> Exercise details
Your response should reproduce every line of the entries that contains the word "Lace".

Dataset records:

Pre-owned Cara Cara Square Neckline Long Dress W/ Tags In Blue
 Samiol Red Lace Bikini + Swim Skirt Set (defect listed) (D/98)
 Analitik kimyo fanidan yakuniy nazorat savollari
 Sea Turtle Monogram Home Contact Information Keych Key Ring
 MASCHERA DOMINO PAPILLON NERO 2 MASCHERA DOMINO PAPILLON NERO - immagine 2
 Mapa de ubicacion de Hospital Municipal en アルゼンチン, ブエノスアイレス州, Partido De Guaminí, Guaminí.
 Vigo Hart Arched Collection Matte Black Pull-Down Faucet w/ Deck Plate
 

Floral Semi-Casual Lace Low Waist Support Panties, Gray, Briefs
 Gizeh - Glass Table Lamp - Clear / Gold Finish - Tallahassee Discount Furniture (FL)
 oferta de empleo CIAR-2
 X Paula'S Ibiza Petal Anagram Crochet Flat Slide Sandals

> Task output
 Samiol Red Lace Bikini + Swim Skirt Set (defect listed) (D/98)
Floral Semi-Casual Lace Low Waist Support Panties, Gray, Briefs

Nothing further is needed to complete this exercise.